僕はこのブログなり、他の場所なり、文章を書くときには自分の言葉で書くことを重視している。この記事も特に参考にするものはなく、テキストエディタだけ開いて書いている。知識系やコマンドを書くときは調べたりコピペしたりすることもあるが、最近は思っていることを書くことのほうが多いので、思うためには何かを参考にする必要もない。何も見ないで思ったことをそのまま文章にしている。

自分ではない誰かがやったことを自分がやったように見せない、という当たり前のルールを守るためである。

僕は卒業論文1を書いたときに、基本的なルールとして剽窃はしないこと、すなわち「自分がやっていないことを自分がやったように見せること」はしないように教わった。自分がやったことと、自分ではなく他者がやったことはその文章だけで判断できるようにすること、すなわち他者の業績は適切な引用をして自分の業績ではないことを明確にすること2。それが例え研究者にはならなくとも文章を書くときに絶対に守らなければならない基本的なルールである、と。

ついでに言うと、文章を書いているときに他者の言葉を混ぜるのはそれなりの技量が必要なことで、引用が多すぎる文章や不適切な引用が混じっている文章はかえって読みにくかったり一貫性を欠いていたりする。だから僕はあまり引用をしない。多くの場合、自分で書くよりも引用した方が頭を使うからだ。

上に書いたのはあくまでも大学、つまりアカデミアの話だと思われるかもしれないが、他者の実績や作品に敬意を払うというのは、目上の人に敬意を払うレベルの常識だと感じている。

だから、僕には不思議なのだが他者が書いたものを切り貼りして自分が書いた文章として納品あるいは公開できるのが僕には不思議でならない。仕事であっても、Qiitaの記事であっても、なんでも。

例えば、同じ会社の人が過去に作った文章をほぼそのままの形で(僕の著作物でなく会社が作ったものとして)流用するというなら理解できるし、そのほうが仕事は早く終わるだろう。これは別に問題はないと思う。

だが、誰かの書いた見出しに合わせ、別の誰かの書いた内容を切って箇条書きにして貼る、これのどこか「あなたの仕事」なのだろうか。あるいは「あなたが書いた記事」なのだろうか。まずとても読むに耐えないし、書いた本人でさえ理解していないとバレバレである。

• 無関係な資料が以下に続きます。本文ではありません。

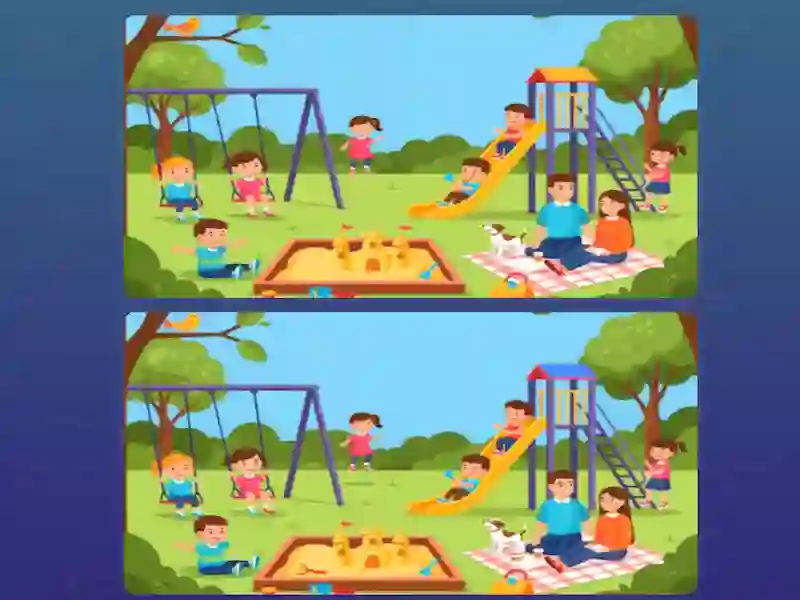 Permainan Spot The Difference Diffsy_1 talian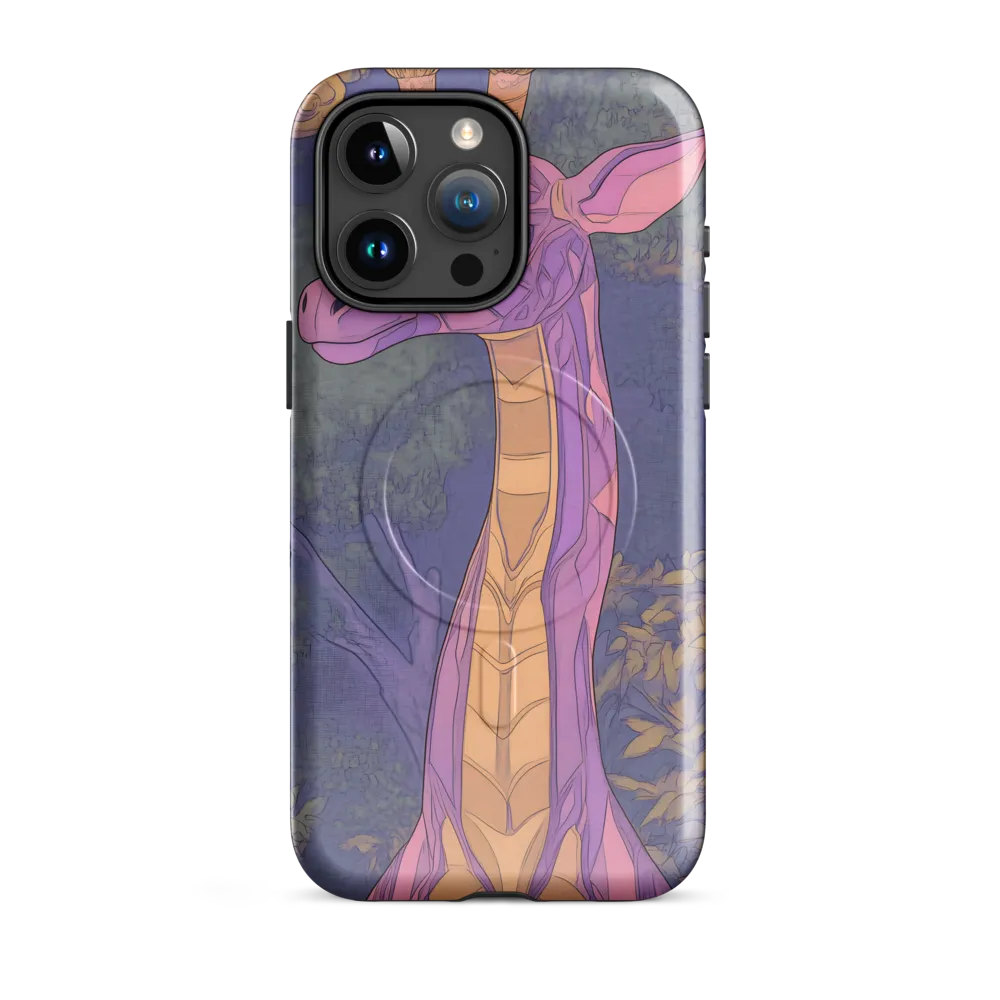 The Ethereal Giraffe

そんな文章をよく公開できるな、などと思う。

時間がない、締め切りが近い、そんな言い訳で自分を騙せるような人間にはなりたくない、そんなことを思う年度末。

Footnotes

1 とは言っても名ばかりで一度くらいしか教員に読まれていないが。

2 引用文は2字下げしたり、斜体フォントに変えたりするのは形式の違いで筆者の言葉か筆者以外の言葉かを明らかにするためのものだと思っている。